One particular plant is a seventeen year old lemon tree and that’s just an estimate-it’s probably a little older. It started as a seed, as my exwife told me “you can’t grow lemons in Texas”.
It’s never produced a lemon and only a handful of flowers in more than a decade. I’m hopeful every year but lack of fruit is the difference between growing from seed and growing a store-bought plant, which is a grafted stock from an existing plant, but that’s science and botany and another story to tell.
Last summer was probably it’s most spectacular year, full and desperate to fruit. This winter it showed my neglect with a lack of leaves and dried up broken stems. It sinks in the pot, lays over looking for bits of light but there is a spark in it, a life force that is ready for the summer.

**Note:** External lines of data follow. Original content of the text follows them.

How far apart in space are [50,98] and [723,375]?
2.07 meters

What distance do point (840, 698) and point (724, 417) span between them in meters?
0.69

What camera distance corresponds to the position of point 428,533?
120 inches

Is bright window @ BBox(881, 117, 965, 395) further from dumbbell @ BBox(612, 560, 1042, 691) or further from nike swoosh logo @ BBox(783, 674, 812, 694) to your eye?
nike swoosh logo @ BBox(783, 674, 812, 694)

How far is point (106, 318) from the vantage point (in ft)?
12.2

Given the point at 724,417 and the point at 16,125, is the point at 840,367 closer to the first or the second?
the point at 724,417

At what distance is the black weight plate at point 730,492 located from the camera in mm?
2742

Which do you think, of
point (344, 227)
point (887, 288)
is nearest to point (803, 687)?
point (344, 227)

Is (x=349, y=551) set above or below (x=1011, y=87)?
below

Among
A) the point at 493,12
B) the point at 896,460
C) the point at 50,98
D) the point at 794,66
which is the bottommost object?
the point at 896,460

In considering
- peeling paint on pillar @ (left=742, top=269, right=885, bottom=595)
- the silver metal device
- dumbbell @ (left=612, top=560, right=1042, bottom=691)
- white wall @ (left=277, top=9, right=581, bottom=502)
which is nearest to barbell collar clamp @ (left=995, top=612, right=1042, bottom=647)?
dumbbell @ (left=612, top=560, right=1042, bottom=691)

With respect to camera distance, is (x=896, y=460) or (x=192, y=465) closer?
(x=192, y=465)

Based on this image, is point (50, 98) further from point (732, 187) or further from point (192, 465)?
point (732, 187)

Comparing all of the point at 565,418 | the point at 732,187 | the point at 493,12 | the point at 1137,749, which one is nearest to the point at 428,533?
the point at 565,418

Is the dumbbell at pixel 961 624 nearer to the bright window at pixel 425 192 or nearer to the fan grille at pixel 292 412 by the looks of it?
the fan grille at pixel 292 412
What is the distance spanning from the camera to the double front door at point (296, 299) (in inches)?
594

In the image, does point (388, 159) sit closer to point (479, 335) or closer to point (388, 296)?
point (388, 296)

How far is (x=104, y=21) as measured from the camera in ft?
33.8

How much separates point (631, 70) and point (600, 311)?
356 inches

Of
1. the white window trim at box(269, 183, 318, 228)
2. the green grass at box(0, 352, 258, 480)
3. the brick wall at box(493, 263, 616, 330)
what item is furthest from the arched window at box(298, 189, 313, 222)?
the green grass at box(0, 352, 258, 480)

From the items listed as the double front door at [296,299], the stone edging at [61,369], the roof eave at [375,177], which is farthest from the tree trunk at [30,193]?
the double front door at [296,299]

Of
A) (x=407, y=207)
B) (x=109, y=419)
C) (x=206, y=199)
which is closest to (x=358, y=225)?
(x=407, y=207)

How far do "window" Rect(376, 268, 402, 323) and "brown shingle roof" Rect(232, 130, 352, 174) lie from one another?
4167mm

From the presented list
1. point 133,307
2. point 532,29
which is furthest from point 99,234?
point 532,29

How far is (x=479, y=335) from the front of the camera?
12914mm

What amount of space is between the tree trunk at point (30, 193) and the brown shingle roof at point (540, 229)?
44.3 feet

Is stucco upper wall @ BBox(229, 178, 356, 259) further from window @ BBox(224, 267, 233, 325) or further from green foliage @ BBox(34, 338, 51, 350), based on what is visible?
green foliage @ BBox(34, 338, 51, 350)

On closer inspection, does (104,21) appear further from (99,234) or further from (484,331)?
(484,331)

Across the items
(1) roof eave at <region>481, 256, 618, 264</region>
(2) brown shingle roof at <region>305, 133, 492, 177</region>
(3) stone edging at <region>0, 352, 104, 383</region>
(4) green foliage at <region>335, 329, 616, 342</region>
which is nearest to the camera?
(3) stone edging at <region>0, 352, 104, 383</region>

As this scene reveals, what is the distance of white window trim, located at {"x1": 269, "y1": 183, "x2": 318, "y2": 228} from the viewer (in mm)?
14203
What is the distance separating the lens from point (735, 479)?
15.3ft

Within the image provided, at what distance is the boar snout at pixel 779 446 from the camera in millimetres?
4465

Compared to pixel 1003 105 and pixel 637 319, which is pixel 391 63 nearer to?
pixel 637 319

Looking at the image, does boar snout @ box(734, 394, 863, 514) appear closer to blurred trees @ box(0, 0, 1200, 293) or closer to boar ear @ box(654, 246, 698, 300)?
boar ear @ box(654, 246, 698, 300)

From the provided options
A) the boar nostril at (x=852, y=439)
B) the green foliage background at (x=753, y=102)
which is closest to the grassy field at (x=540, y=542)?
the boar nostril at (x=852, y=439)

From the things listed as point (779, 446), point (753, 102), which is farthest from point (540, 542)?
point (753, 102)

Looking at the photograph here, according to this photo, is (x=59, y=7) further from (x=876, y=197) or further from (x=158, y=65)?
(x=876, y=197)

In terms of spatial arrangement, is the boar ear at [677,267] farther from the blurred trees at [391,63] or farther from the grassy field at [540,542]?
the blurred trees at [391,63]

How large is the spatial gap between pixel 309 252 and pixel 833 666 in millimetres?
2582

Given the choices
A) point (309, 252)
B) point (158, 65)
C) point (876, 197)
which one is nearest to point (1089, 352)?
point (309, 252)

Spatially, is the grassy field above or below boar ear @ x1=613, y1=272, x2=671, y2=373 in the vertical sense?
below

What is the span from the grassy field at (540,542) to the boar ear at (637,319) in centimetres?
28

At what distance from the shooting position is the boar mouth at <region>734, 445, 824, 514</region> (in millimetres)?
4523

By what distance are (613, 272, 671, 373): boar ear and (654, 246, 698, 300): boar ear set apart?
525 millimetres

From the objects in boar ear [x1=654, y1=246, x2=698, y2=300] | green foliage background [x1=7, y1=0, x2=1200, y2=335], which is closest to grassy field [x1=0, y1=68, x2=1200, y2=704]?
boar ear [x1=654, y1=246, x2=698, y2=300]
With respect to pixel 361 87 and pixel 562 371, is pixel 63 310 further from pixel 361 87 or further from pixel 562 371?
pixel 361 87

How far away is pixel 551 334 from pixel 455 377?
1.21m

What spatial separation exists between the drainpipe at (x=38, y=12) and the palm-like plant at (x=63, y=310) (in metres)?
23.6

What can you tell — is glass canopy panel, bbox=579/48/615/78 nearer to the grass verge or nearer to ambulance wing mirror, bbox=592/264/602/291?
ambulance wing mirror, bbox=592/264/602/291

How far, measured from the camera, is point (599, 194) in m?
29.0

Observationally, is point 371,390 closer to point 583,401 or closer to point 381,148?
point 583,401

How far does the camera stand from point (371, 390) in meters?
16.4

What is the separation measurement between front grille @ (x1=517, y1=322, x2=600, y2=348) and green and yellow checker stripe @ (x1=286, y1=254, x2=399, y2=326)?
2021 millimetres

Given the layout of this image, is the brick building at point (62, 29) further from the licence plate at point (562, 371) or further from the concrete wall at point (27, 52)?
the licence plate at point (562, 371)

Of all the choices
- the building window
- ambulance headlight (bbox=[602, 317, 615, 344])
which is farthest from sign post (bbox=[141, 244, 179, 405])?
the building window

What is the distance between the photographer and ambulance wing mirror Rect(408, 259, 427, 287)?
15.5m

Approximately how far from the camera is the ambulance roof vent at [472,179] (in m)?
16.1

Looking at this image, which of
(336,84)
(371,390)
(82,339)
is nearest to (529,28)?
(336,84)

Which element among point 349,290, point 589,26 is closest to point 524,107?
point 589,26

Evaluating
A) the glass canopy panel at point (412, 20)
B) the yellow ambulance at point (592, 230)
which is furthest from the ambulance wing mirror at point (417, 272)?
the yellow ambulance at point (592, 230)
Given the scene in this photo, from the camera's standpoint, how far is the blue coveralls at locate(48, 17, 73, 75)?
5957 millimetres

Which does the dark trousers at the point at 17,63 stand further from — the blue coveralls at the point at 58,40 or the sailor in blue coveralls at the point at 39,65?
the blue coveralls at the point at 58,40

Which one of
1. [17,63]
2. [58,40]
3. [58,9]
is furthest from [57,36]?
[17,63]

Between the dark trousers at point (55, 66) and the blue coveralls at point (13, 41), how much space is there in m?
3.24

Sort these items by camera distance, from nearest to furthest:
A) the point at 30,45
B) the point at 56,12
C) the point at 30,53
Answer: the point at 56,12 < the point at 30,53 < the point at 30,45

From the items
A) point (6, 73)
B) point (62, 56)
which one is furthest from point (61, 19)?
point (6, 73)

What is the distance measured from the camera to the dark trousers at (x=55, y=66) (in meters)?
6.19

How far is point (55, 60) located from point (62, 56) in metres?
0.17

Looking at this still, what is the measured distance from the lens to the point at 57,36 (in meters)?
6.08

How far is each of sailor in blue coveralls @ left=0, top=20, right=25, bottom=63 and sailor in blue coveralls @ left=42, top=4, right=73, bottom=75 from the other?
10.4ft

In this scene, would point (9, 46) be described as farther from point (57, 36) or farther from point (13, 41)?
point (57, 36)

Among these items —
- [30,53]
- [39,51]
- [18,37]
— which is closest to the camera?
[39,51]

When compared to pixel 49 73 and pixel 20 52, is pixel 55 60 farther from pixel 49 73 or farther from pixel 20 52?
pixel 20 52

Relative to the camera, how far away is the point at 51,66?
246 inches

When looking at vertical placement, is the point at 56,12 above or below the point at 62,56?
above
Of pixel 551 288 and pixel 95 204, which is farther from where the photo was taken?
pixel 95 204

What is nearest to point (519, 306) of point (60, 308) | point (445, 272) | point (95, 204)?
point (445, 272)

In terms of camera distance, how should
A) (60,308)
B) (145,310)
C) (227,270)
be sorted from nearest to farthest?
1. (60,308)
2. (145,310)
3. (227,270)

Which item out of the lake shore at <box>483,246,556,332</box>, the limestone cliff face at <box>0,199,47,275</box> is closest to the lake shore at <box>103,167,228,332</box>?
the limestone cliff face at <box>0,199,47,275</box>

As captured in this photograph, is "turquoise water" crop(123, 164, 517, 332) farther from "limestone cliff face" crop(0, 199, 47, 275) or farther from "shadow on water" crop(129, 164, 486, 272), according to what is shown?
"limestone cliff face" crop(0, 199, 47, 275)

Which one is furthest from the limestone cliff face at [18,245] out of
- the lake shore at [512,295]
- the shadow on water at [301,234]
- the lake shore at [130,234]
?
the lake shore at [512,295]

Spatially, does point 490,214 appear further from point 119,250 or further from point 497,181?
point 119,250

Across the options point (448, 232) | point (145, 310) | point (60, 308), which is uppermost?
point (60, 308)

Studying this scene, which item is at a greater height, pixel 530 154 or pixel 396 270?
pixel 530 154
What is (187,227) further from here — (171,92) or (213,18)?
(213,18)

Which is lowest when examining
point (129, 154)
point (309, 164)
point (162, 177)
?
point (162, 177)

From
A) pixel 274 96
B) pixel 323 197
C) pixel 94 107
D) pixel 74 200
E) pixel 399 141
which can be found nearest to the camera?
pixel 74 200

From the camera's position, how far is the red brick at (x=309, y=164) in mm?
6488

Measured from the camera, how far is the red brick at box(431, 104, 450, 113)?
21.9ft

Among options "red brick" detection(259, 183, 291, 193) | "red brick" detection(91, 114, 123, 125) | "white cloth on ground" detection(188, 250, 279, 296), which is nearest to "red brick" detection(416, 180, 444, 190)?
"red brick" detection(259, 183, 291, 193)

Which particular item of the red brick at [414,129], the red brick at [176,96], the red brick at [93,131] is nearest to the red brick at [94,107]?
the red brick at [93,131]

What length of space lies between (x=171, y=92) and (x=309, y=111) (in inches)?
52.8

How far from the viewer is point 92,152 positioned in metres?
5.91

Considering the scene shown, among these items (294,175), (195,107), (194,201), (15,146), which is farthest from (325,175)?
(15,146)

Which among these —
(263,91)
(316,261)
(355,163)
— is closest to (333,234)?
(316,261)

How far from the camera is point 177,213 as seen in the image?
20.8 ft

I dragged it outside and watered it, even feed it. I can’t fix the winter or make up for shortcomings in care but I can make this next summer the most spectacular and I will.
I’ve always found hope in watching a dormant plant be born again in spring. Bits of green adorn ash colored limbs as if it were rising from the dead. During a very dark time in my life, the garden was a place for me to watch spring make everything new, every spring of new growth was like hope.
In our lives, there is always winter, a time where we crawl deep inside ourselves and find strength mingled with weakness, we throw off our broken dying limbs that don’t serve us anymore and we search for that green, that youth that hides in each of us.
This year, I’ve become a bit more realistic, there are less plants that I held over-the sambuc Jasmine which is such an easy plant as it long as it doesn’t get too cold and it rewards you with a wonderful fragrance that soothes and relaxes me in the spring.
Some plants brighten up the first day they feel the warmth but others are stubborn, they hold on to their dark and pensive state, the Occatillo, a favorite plant of mine because of its dramatic spiny disposition, it is gray, hard and thorny. I’m not sure if it’s alive or dead but you learn patience and realizing nature is on its own schedule, not yours.
It’s a great responsibility to take plants through the winter and I will be honest, I loose more than I keep. Winter is my introspective time, I don’t get the excitement and feeling of hope like I do in spring, maybe it’s the lack of light but I don’t take the responsibility of taking care of plants lightly.
Plants take you out of yourself, much like pets and children, it’s not about you or what you feel like doing. My manic state tends to over buy plants and my opposite state tends to give up but in the end I have plants with strong roots that can take the winter and still recover in the spring.
Much like humanity, not all of us will be the same after winter, some of us will be stronger, some of us will change our path, some of us will want to give up but as long as winter lays itself down for spring, there is hope.
Sometimes hope is as simple as putting your plants out in the spring.